- The task -
Restate, in full and unchanged, the entries that follow, but not their pictures.
Provided data below:
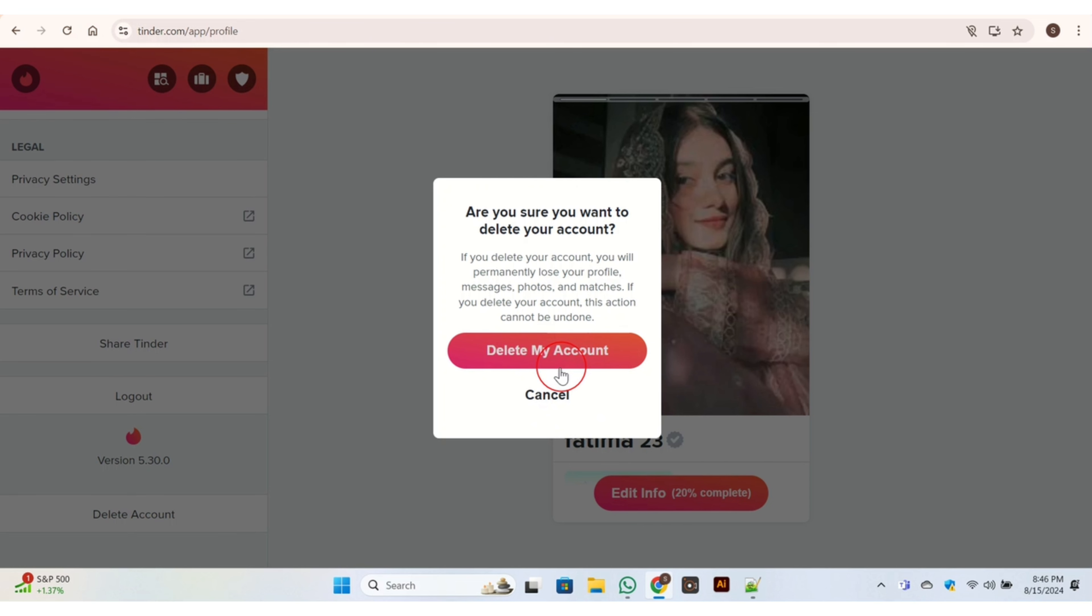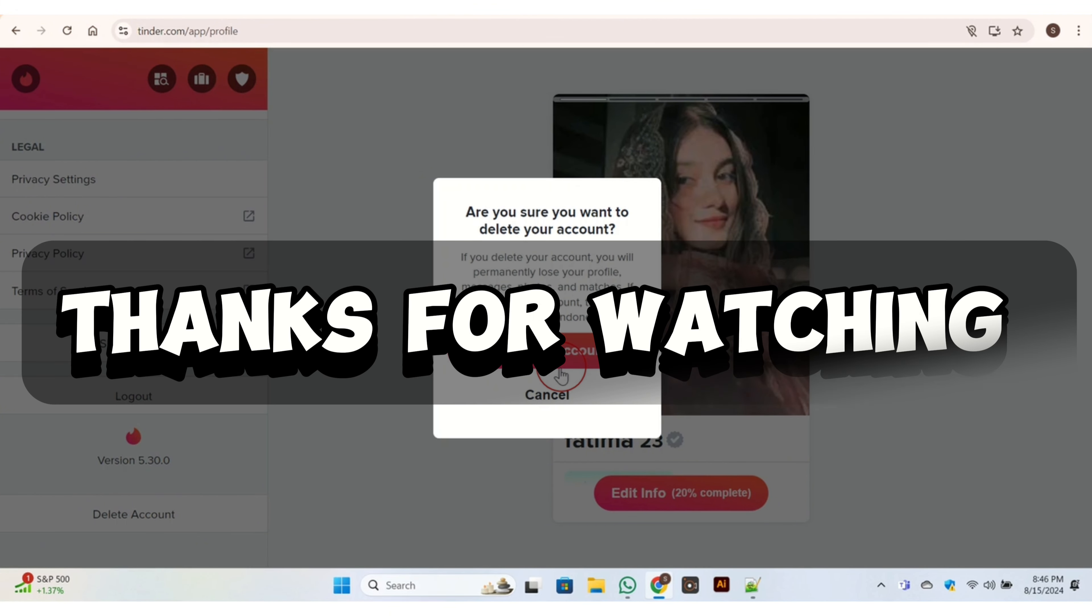Here you have the option of 'Delete My Account' - click on it. Once you click on it, then your account is deleted. So this is the way you can delete your Tinder account. That's all for today's video. Thank you so much for watching.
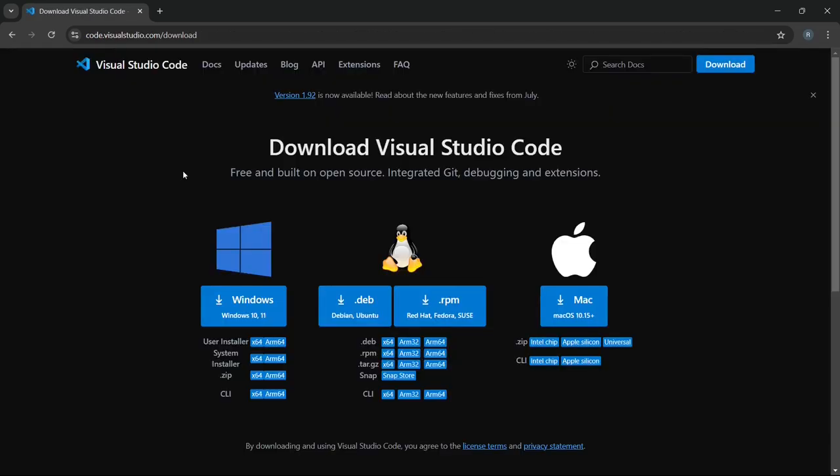Here you'll see that Visual Studio Code is for Windows, macOS, and Linux. Choose the version that matches your operating system. Since I'm using Windows, I'll click on the Windows option.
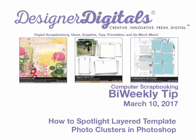Welcome to Designer Digital's Bi-Weekly Tip, March 10, 2017. This week, how to spotlight layered template photo clusters in Photoshop.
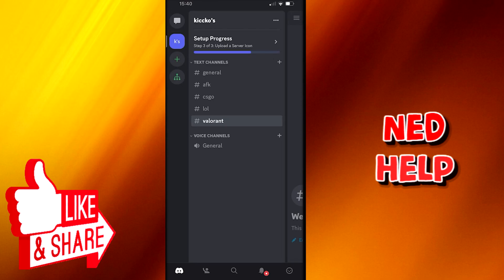Welcome everyone to today's tutorial. I am here today to show you how you can move channels on your server on Discord Mobile. This tutorial will be step by step, so make sure you follow it carefully.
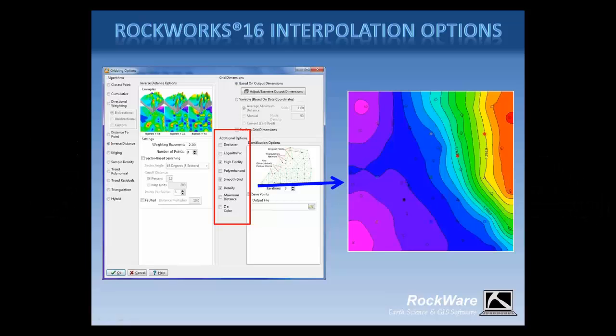Hello everybody. My name is Alison Alcott, and I'm a geologist. I've been working at Rockware as a trainer and a consultant since 2000. I want to thank you all very much for attending this webinar. During the next 15 minutes, I'm going to give a quick overview of the interpolation options that are offered in our Rockworks 16 program.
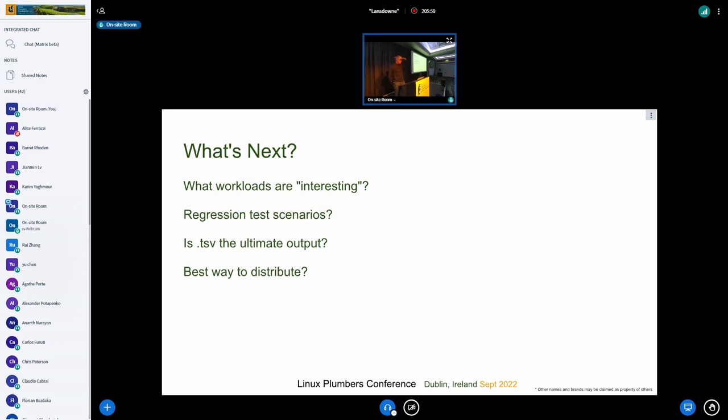Any other questions? Did I come in under budget? Yes! Thanks very much.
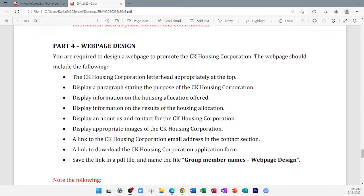Good morning everyone. Can you guys see my screen? Great. So we're going to have a simple class today. The purpose of today's class is to show you what you have to do for your web page SBA. The theory I'll continue when school reopens.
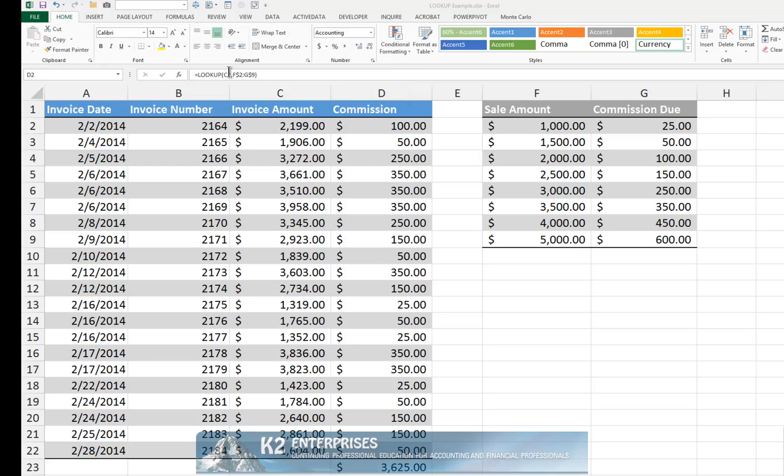Of course, in practice, you could build a formula such as the one previously pictured and copy it down for as many rows as necessary in order to identify the commission due on each transaction in the dataset. After doing so, you could create a formula with a SUM or SUBTOTAL function to add together all of the commissions due.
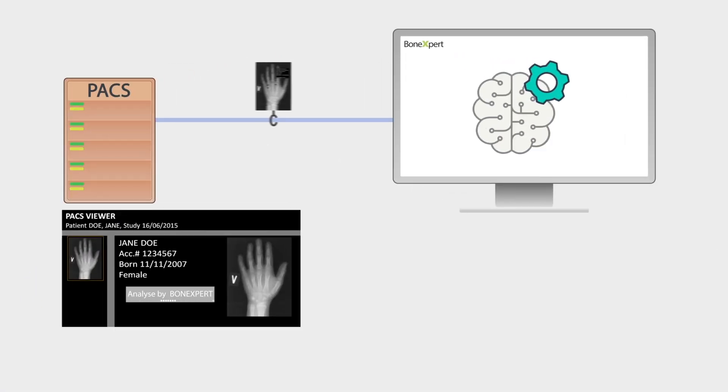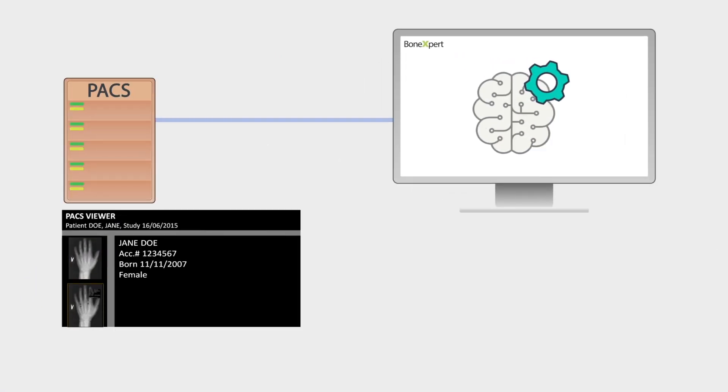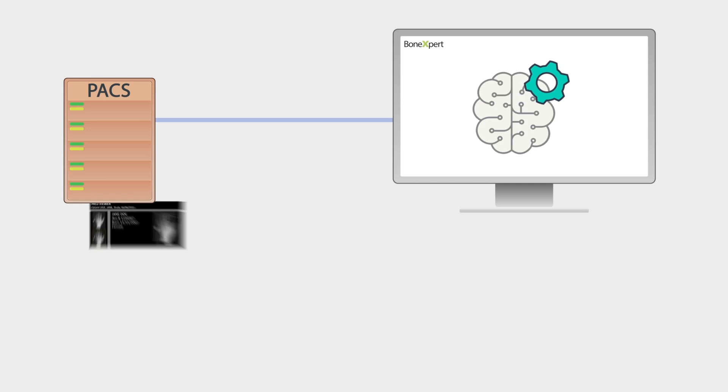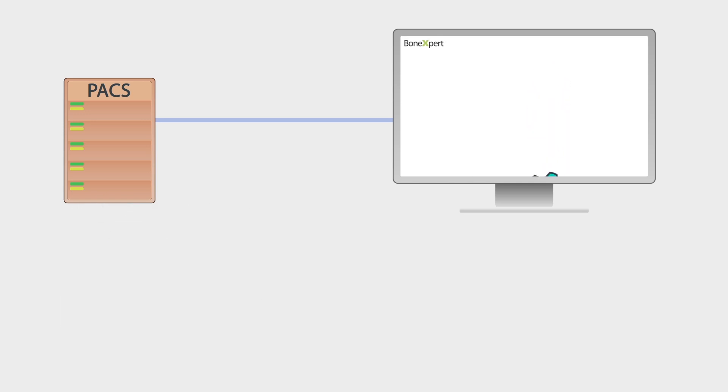BoneXpert returns an annotated image to PACS, which automatically stores it in the same study next to the original image.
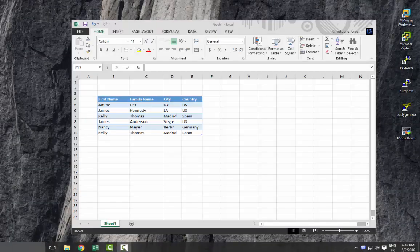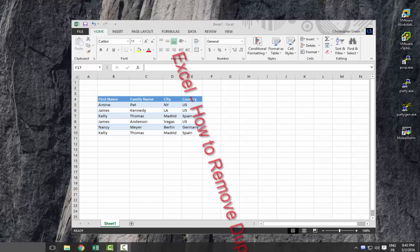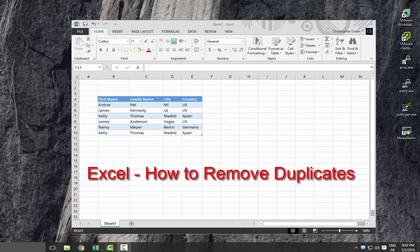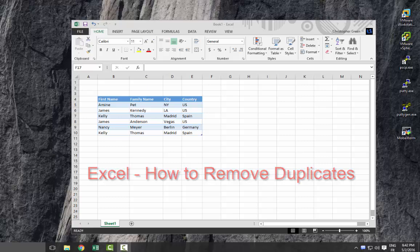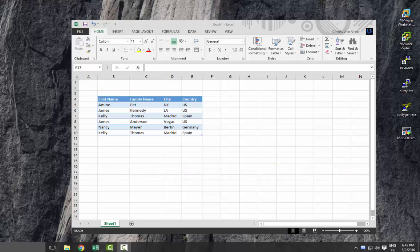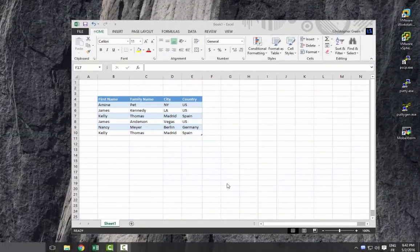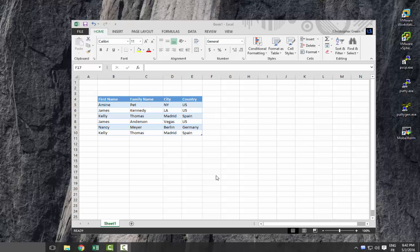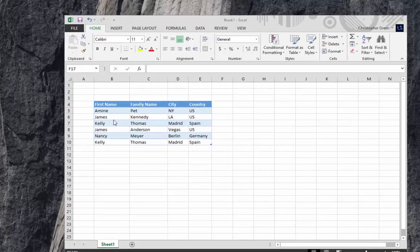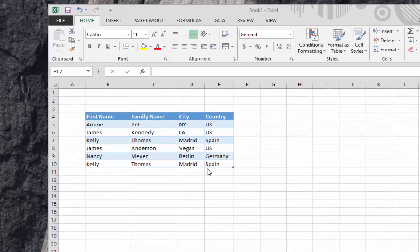Hello YouTube and welcome to another tutorial. Today I'm going to show you how you can delete duplicates using Excel. Are you ready? Let's get started. Let's say for example we have a table that contains some data.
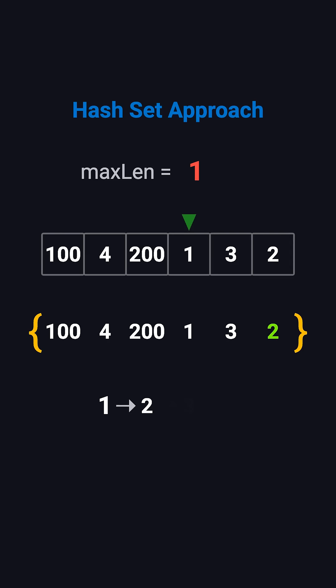When checking from 1, we find 2 is there, 3 is there, 4 is there, but 5 is not. So this sequence has a length of 4. When we later encounter 3 and 2, their previous numbers are already in the set, so neither is a starting point. After scanning everything, the longest length is 4.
End of Provided data.
- Reply to the task -
Here you have the option of 'Delete My Account' - click on it. Once you click on it, then your account is deleted. So this is the way you can delete your Tinder account. That's all for today's video. Thank you so much for watching.
Here you'll see that Visual Studio Code is for Windows, macOS, and Linux. Choose the version that matches your operating system. Since I'm using Windows, I'll click on the Windows option.
Welcome to Designer Digital's Bi-Weekly Tip, March 10, 2017. This week, how to spotlight layered template photo clusters in Photoshop.
Welcome everyone to today's tutorial. I am here today to show you how you can move channels on your server on Discord Mobile. This tutorial will be step by step, so make sure you follow it carefully.
Hello everybody. My name is Alison Alcott, and I'm a geologist. I've been working at Rockware as a trainer and a consultant since 2000. I want to thank you all very much for attending this webinar. During the next 15 minutes, I'm going to give a quick overview of the interpolation options that are offered in our Rockworks 16 program.
Any other questions? Did I come in under budget? Yes! Thanks very much.
Good morning everyone. Can you guys see my screen? Great. So we're going to have a simple class today. The purpose of today's class is to show you what you have to do for your web page SBA. The theory I'll continue when school reopens.
Of course, in practice, you could build a formula such as the one previously pictured and copy it down for as many rows as necessary in order to identify the commission due on each transaction in the dataset. After doing so, you could create a formula with a SUM or SUBTOTAL function to add together all of the commissions due.
BoneXpert returns an annotated image to PACS, which automatically stores it in the same study next to the original image.
Hello YouTube and welcome to another tutorial. Today I'm going to show you how you can delete duplicates using Excel. Are you ready? Let's get started. Let's say for example we have a table that contains some data.
When checking from 1, we find 2 is there, 3 is there, 4 is there, but 5 is not. So this sequence has a length of 4. When we later encounter 3 and 2, their previous numbers are already in the set, so neither is a starting point. After scanning everything, the longest length is 4.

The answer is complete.